11. The Black Cat (1934)
I had been looking forward to this movie - Bela Lugosi (Dracula) and Boris Karloff (Frankenstein/The Mummy) in the same movie! Based on a story by Edgar Allan Poe nonetheless! It was bound to be good. And it was. It really, really was. The only expected and obvious letdown (for me, anyway) was that the women in the movie had barely any lines at all and were basically there just to look pretty. But Lugosi and Karloff were so good together that most of the time I didn't even care. So Lugosi is vaguely creepy as a character and on his way to what he says is "an old friend" (Karloff's character). After a road accident he brings the honeymooning couple with him to this friend because the woman has been hurt and his friend's home is close to where the accident happened. Turns out this is not a friend at all, but a fellow ex-soldier who left him and the batallion for dead as he ran off. For 18 years Lugosi's character was a POW, while Karloff's character became renowned as an amazing architect and lived a good life - with Lugosi's wife and daughter nonetheless! Karloff's character is later revealed to be the leader of a cult who sacrifices women to the moon. Women who Karloff later preserves to be able to watch their eternal beauty (like som necrophiliac creep). Lugosi's character is revealed to actually be a good guy with a bad past, but when he finds out what Karloff's character did to his wife and daughter he goes ballistic (understandably). This whole movie was a joy to watch, and actually quite scary. It was disturbing even by today's standards.
I love this whole scene. Lugosi looks demented and Karloff looks properly scared shitless by the end.

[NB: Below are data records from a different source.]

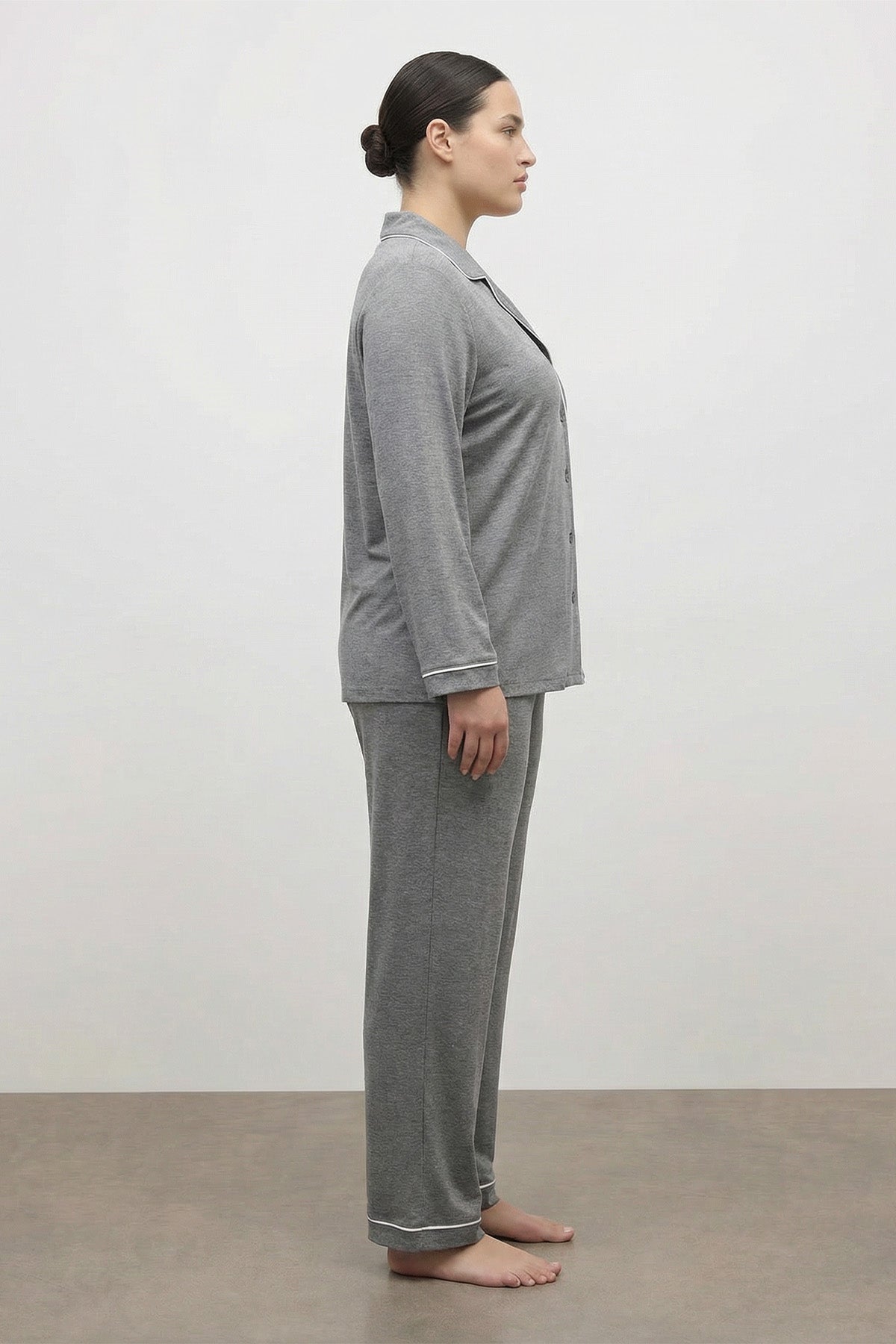 Kontrast Biyeli Penye Pijama Takımı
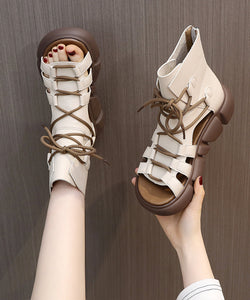 Casual Black Hollow Out Peep Toe Lace Up Platform Sandals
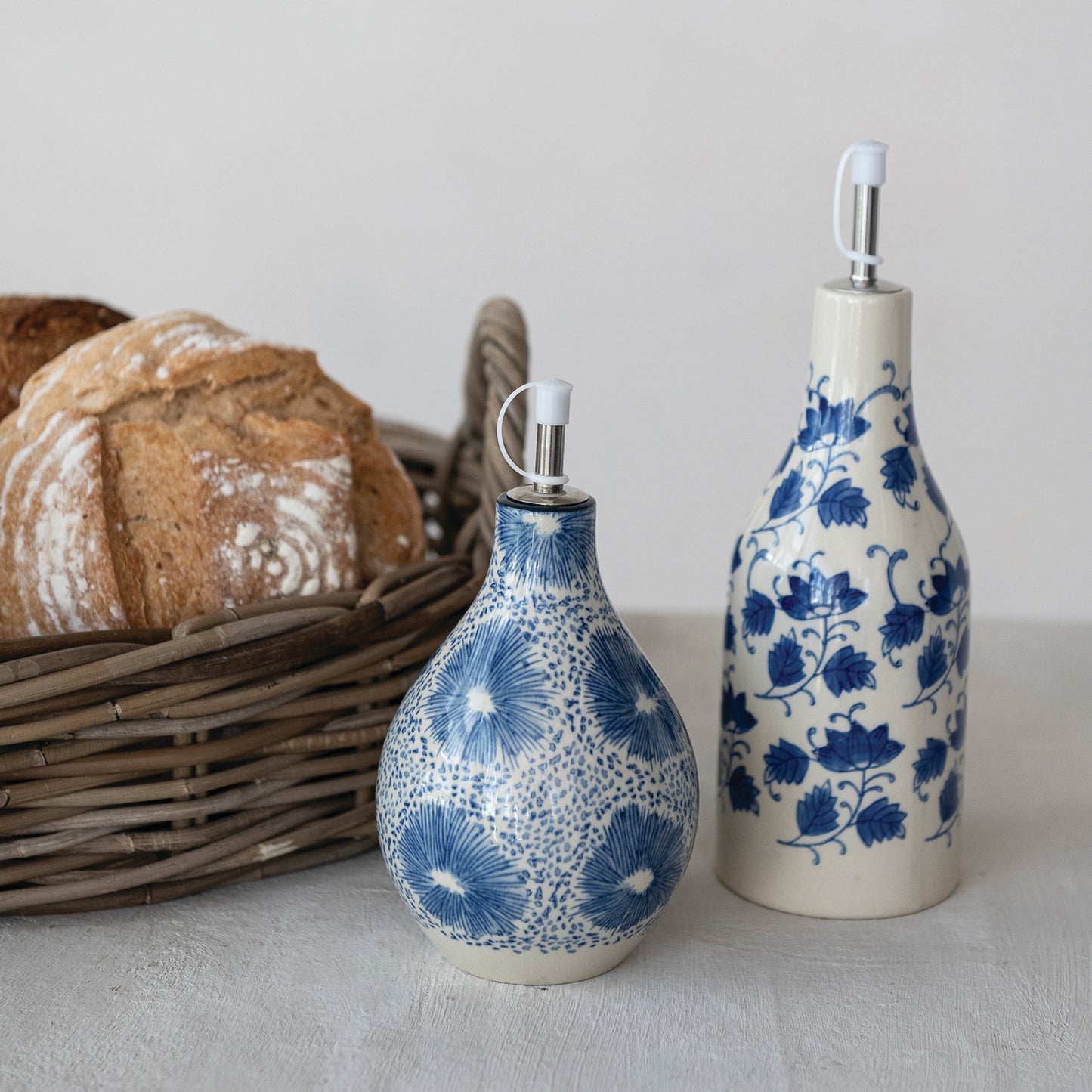 Stoneware Oil Cruet with Blue Floral Pattern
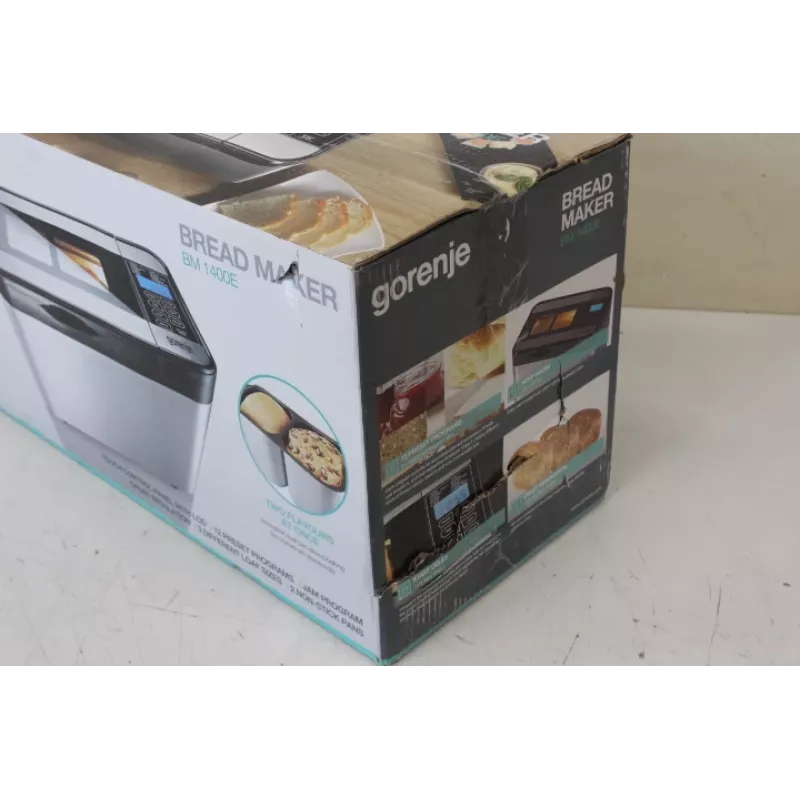 Máquina de pan Gorenje BM1400E — 815 W, 12 programas, LCD, acero inoxidable, pan de 1400 g, molde doble
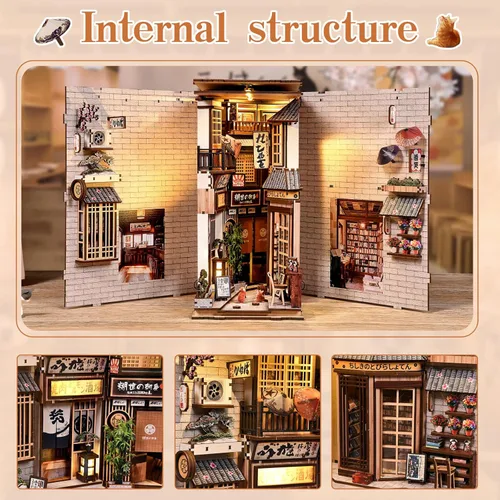 Miniatura 5 de Kit de rincón de libros, kit de casa en miniatura para adultos y adolescentes, rompecabezas 3D, decoración de estantería de casa de muñecas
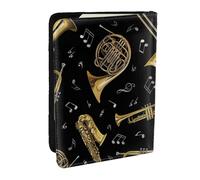 Wykjtwo Instrumentos Musicales Impresión Clásica, Funda para Pasaporte Cartera de Viaje de Cuero PU Funda para Pasaporte Fundas para Pasaporte 6,5 Pulgadas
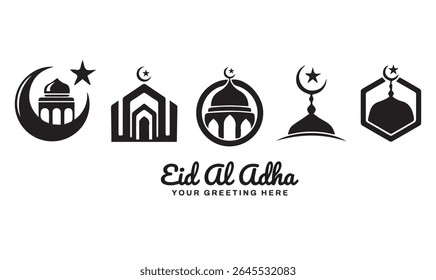 Eid al-Adha Mosque Icons Collection Crescent Moon and Star Silhouette Vector Set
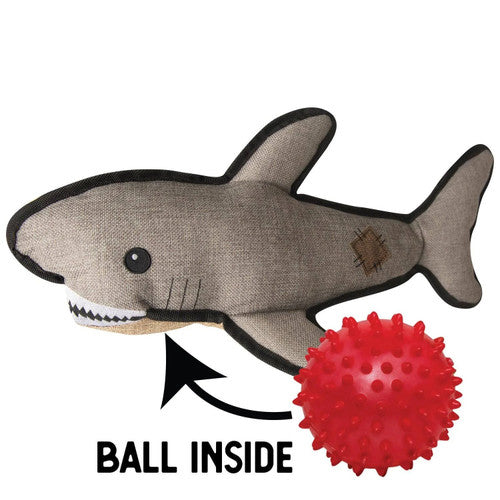 Saul the Shark with Rubber Spikey Ball 19β - Dog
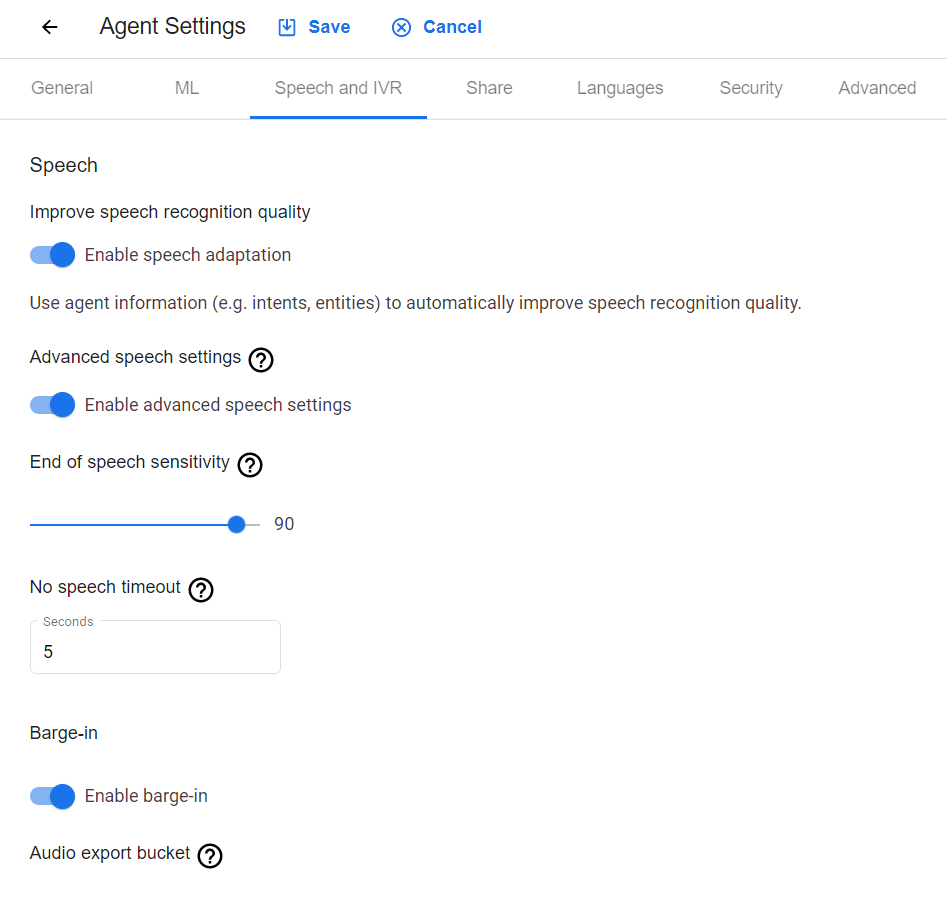 Agent Settings, Speech and IVR tabbed page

12. Les Yeux Sans Visage (1960)
The first non-English movie I've seen on this trip through black-and-white. While Nosferatu is German, all the text cards were in English in the version I saw. This movie is French (why couldn't we watch this kind of movie in French class?!) and it's creepy as hell. The title means Eyes Without a Face. It's about the daughter of an amazing surgeon who loses her face in a car accident caused by her father. Her father goes on a personal quest to give his daughter a new face, experimenting with full facial transplants (a full 50 years before it was accomplised IRL). His secretary helps him by tricking young women into going with her. Their faces are then used for experimentation, and their dead bodies are later dumped. Christiane, the daughter, begins to lose hope and faith in her father's ability, but for a moment it looks like he may have succeeded. But (as expected from my side) the tissue grows necrotic after just a few days and has to be removed and Christiane is back to wearing her mask. Throughout the whole movie she has very few lines and she's almost always wearing her mask. She moves around quietly and gracefully, with nothing but her huge eyes visible of her face. The way her character moves and looks is the most creepy thing to me. It was worse than when they actually filmed and showed the doctor removing a face (why did they have to show that?! it hurt my face to watch!). Of course the surgeon and his secretary gets the police on their trail, but Christiane has had it and stabs the secretary with her father's scalpel and then sets the caged dogs on her father. When they're both dead she helps the latest girl escape and then she goes out into the world again - for the first time in months. This movie was so good. It didn't leave my head for days. The French should do more horror. The melancholy they love to have in their movies really works in horror.